Juries are fairly rare things these days.
They were developed in 12th century English common law, and were originally investigators and act as witnesses (this was centuries before police forces or modern ideas about public law enforcement). At the time courts moved around, so were only in town for a short period any given year, and would hear all the cases at once. The jury, made up of local rich and influential people, was there to explain (under oath) what happened – stating the facts they were expected to know, being local – so the judge, from outside, could apply those facts to the law and give a ruling.
It was a way of balancing the power of the King (via the royal justices who answered to him) with the local establishment (who got to be on the juries).
The modern jury evolved from this over the centuries, emphasising the split between the jury who answer questions of fact (what happened) and the judge who answers questions of law (what does this mean). They work together to come to a verdict.
The US uses juries a lot (more than anywhere else) because when the US Constitution was being written juries were all the rage (particularly as a way to protect the upper-middle classes from the ruling classes). There is a whole load of awkward 18th century ideology wrapped up in juries (such as the idea that the best way to determine the truth of something is to ask a rich, white man his opinion), and so the US Constitution requires juries for criminal *and civil* trials, and even *grand juries*, which are now only used by the US and Liberia (modelled on the US).
Most other countries that used juries (mostly copied from the English common law system) have dropped them for most cases – even in England less than 5% of criminal cases go before a jury, and civil juries are only used in exceptional cases.

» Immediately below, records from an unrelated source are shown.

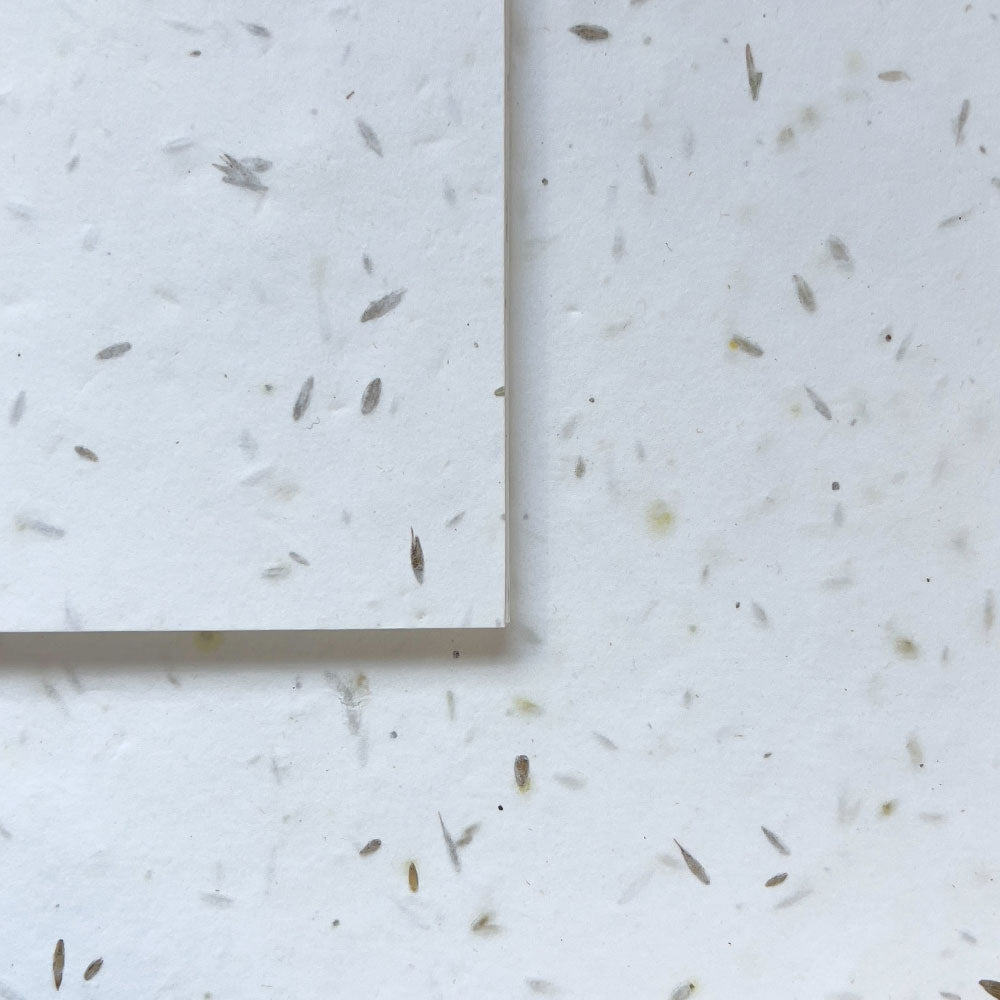 UK Seed Paper ROYAL Plantable Paper - 280gsm Little Green Paper Shop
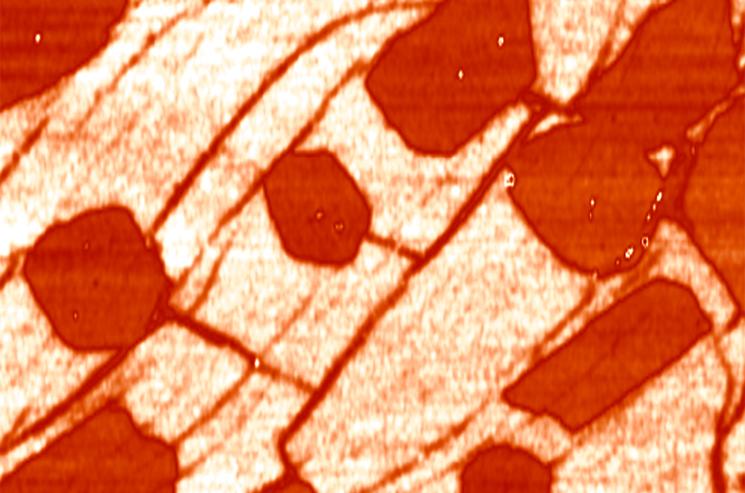 Take advantage of microwave microscopy, researchers were able to locate graphene islands on graphene. “Point defects” locally enhanced the graphene’s ability to transform waves of light into electronic signals. | Photo courtesy of Oak Ridge National Laboratory. Take advantage of microwave microscopy, researchers were able to locate graphene islands on graphene. “Point defects” locally enhanced the graphene’s ability to transform waves of light into electronic signals. | Photo courtesy of Oak Ridge National Laboratory.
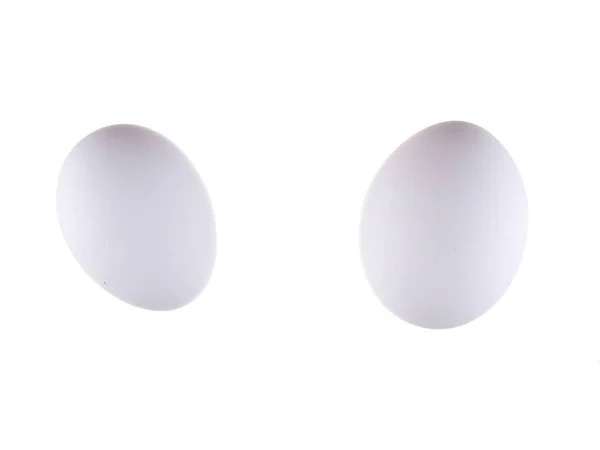 Egg on a white background — Stock Photo, Image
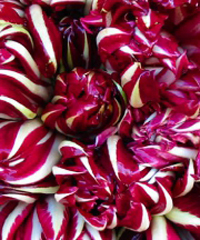 Festa del radicchio rosso di Dosson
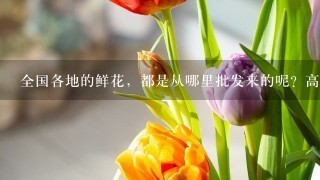 全国各地的鲜花，都是从哪里批发来的呢？高档花卉，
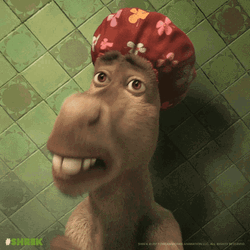 Shrek Donkey Shocked Scared Screaming Shower GIF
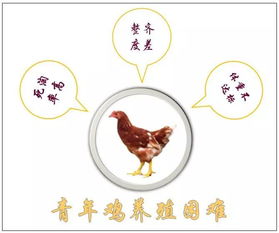 3. 康姓+属鸡=最强较大组合？你可别较小看当前这个搭配！
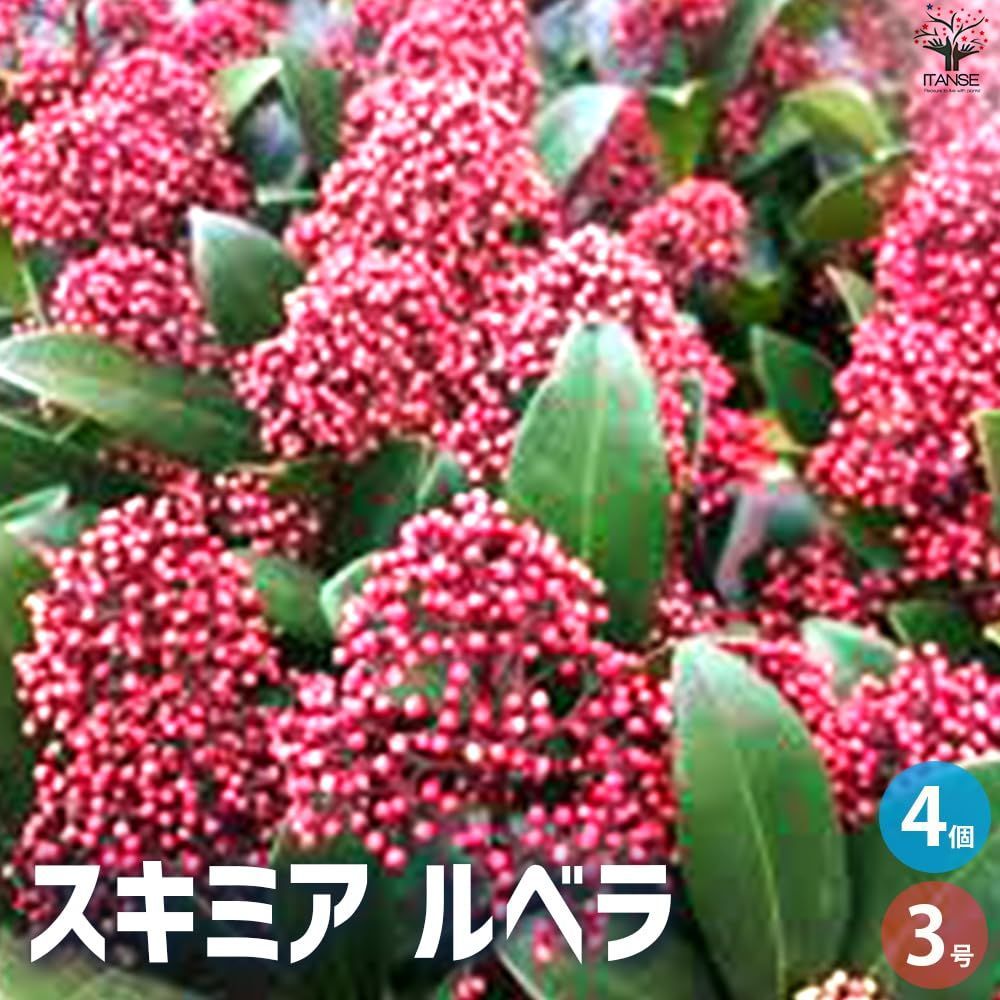 です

The idea behind a jury is that the average person is the best person to determine what is and isn’t true, particularly when it comes to testimony, and that a jury offers a level of protection against unjust laws. The former is demonstrably untrue (by the number of cases were juries reach crazy conclusions), the latter probably is (although also opens the door to lots of other problems – the US in particular had a big problem with racism in juries, and arguably still does).
The idea behind a bench trial is that judges are harder to sway and manipulate emotionally (lawyers going before a jury will have all sorts of research on how to have their clients and witnesses dress, speak, behave etc. to make the right impression on the jury), and also don’t have to waste the court’s time by explaining basic legal principles to the jury. Judge-only trials can get straight to the heart of the dispute, often briefing all the other issues on paper.
Trials (or appeals) with multiple judges are a sort of balance between this; reducing the problems of having a single point of failure (in the single judge), but still having experts or professionals making the decision.